The Severe Drawback to a Lease Rollover
If you are in the market, looking for a copier, because your current copier is breaking all the time, one of the common strategies employed by copier companies is to do a lease rollover (wrapping some of the existing payments into the next lease). Generally, the copier rep will come to your business about 6 months before the current lease expires and offer to “upgrade you for free.” There are a lot of reasons why the upgrade certainly is not free at all.
What is happening with a copier lease upgrade?
Say your copier’s initial cost was $15,000. This is about $300 per month on a 5 year lease (without supplies or maintenance yet.) Say your supplies and maintenance adds up to another $200 a month. So there are 60 payments at $300 – approx $18,000 total paid over the 5 years. 6 months early means there is $1800 remaining on the copier balance and the service plan – say it is $200 a month – this leaves about $1,200 in future maintenance charges.
If the copier company is doing the maintenance, they can drop the $200 a month charge. If they are self financing they can drop the $1800 remaining. Why would they though, most new copiers don’t even make that much in profit. You are generally lucky to make $800 to $1000. This would be giving away $1000 for no real reason.
So why do it? The answer is they don’t do a free upgrade, they just wrap the $1800 into the next copier and choose to give a smaller discount. Say the retail price on a shirt was $50 – but everyone sold it for $35. You still owed $15 to the department store on a previous bill. They give you the good news they’ll forgive the old bill of $15 – and the shirt is $50. Sorry, it’s not on sale like normal. In essence, this is what is happening. Are they lying? Technically no, because they don’t have to give a discount, they choose to generally to get business. But if they don’t have to, why would they? Who gives away profit if they don’t have to?

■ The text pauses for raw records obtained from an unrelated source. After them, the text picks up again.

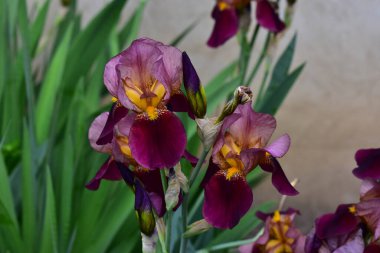 Güneşli yaz gününde bahçede büyüyen güzel irisler 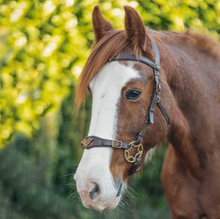 Load image into Gallery viewer, Imperial hackamore brown gold
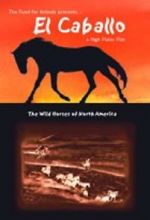 Watch El Caballo: The Wild Horses of North America Merdb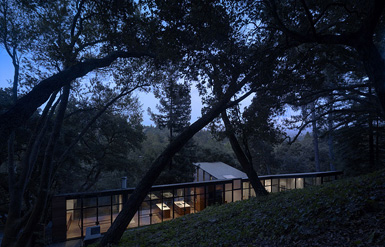 Ogrydziak事务所在美国加州设计林中屋1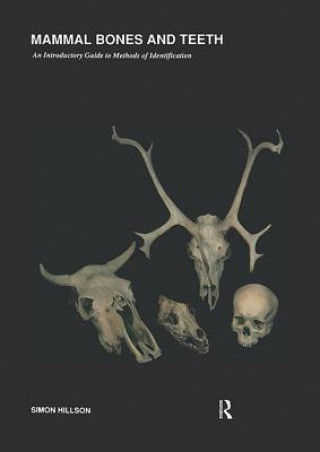Könyv Mammal Bones and Teeth Simon Hillson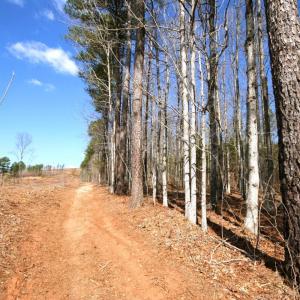 Photo #19 of SOLD property in 0 Grandmas Hill Road, Amherst, VA 105.0 acres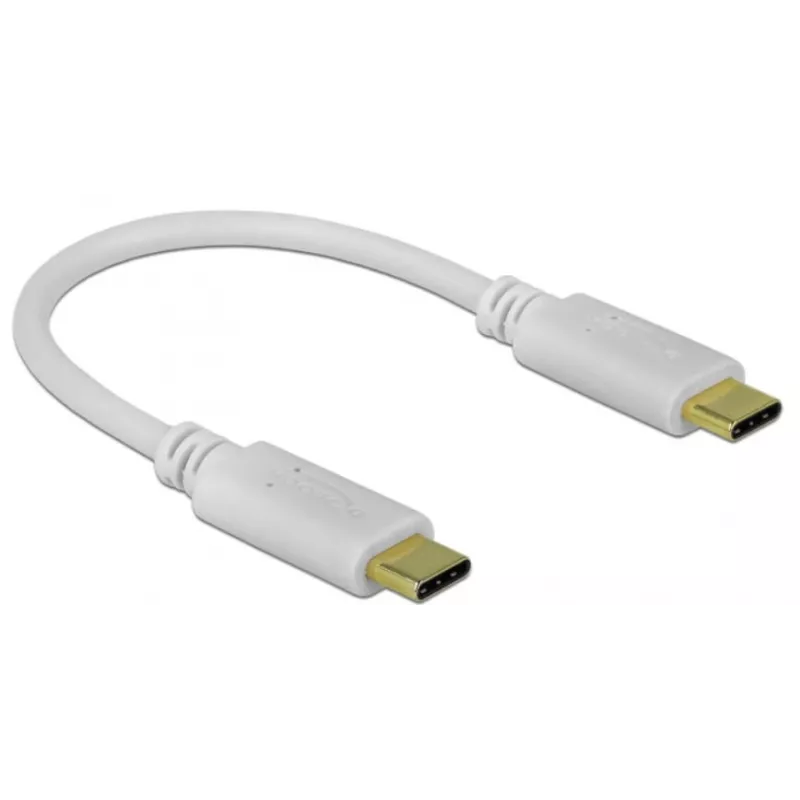 Delock - USB-C / maitinimo laidas - 24 kontaktų USB-C (V) į 24 kontaktų USB-C (V) - 5 A - 15 cm - USB maitinimo šaltinis (100 W), palaiko „Power Delivery 2.0“ - balta (85357)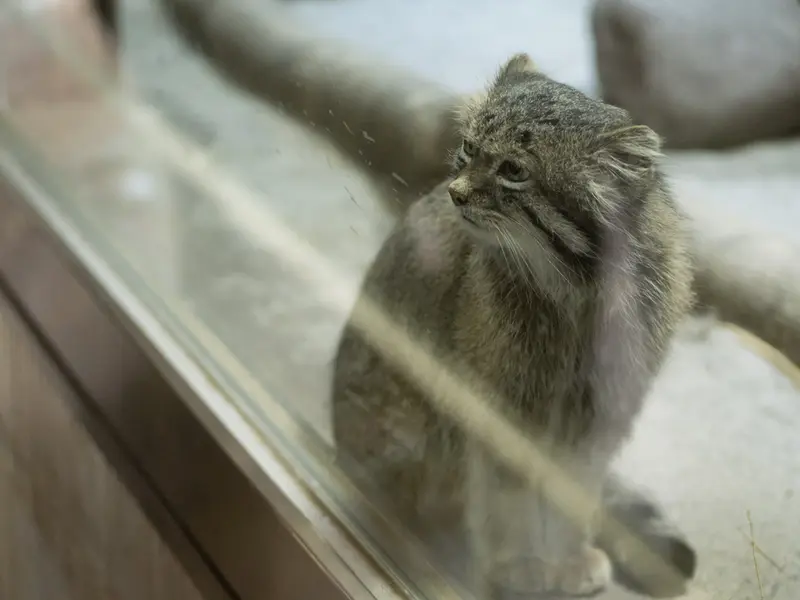 恩賜上野動物園のクリョンの写真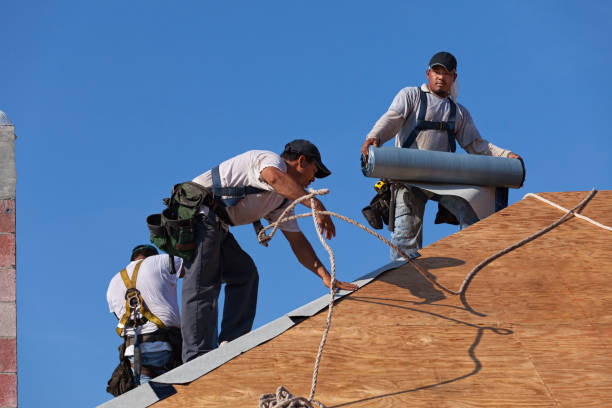Best New Roof Installation  in New Waverly, TX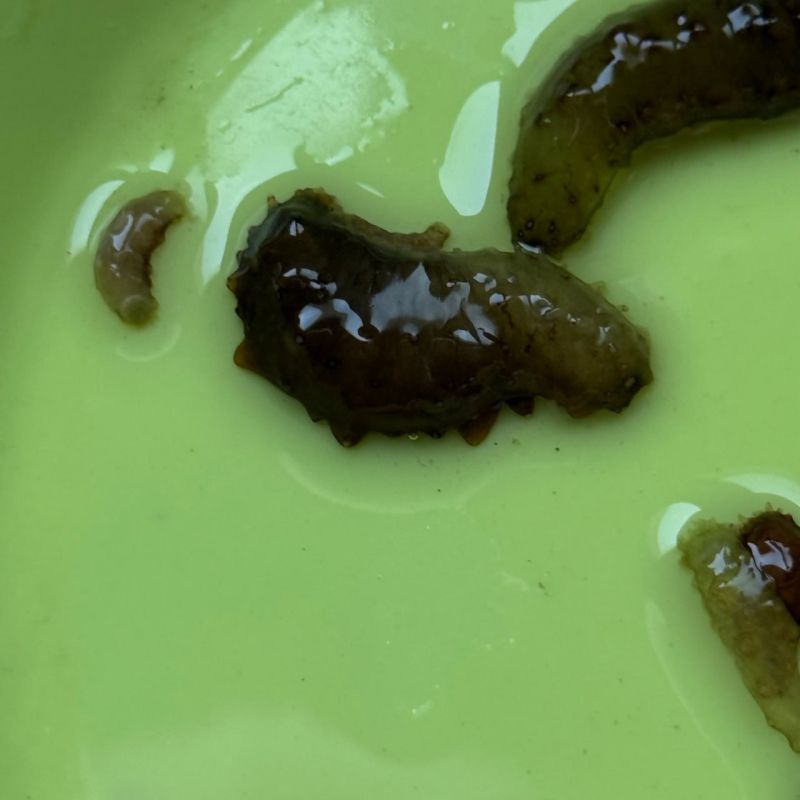 Более 700 тысяч молоди дальневосточного трепанга выпустили в заливе Анива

“I’ll just buy the copier cheaper then, and decline the upgrade”
You can certainly do that, but you will be paying the stream of payments, the $300 per month PLUS the $200 per month for service – So that doesn’t really work. If you want to purchase the copier from a competitor, they have to deal with the $200 a month for 6 months, because it is not their contract and they can’t forgive that. So they start off with a $1200 disadvantage.
The problem with taking the early upgrade is you fundamentally ensure there is no real competition in the deal because the new companies are at a severe financial disadvantage from the beginning because there is the existing contract – both equipment and maintenance to deal with. The current company only has to deal with the equipment.
The best thing to do is to wait out the lease and get competitive quotes!
If you wait your 6 months (don’t forget to give notice of your intent not to renew or you’ll be stuck with the copier even longer… ) then when you are ready, everyone is on a level playing field so you can negotiate the best pricing. You aren’t financing a financed amount. Overall it is just a lot better because you can get 3 quotes where all three have a real chance to offer their best prices without having to subsidize 6 months remaining on an old lease.
If you just paid out the 6 months and said you were going to leave it on site, but you want to make sure you are getting the best deal where people can quote on a level playing field, you would find your current supplier’s pricing would suddenly become much more aggressive.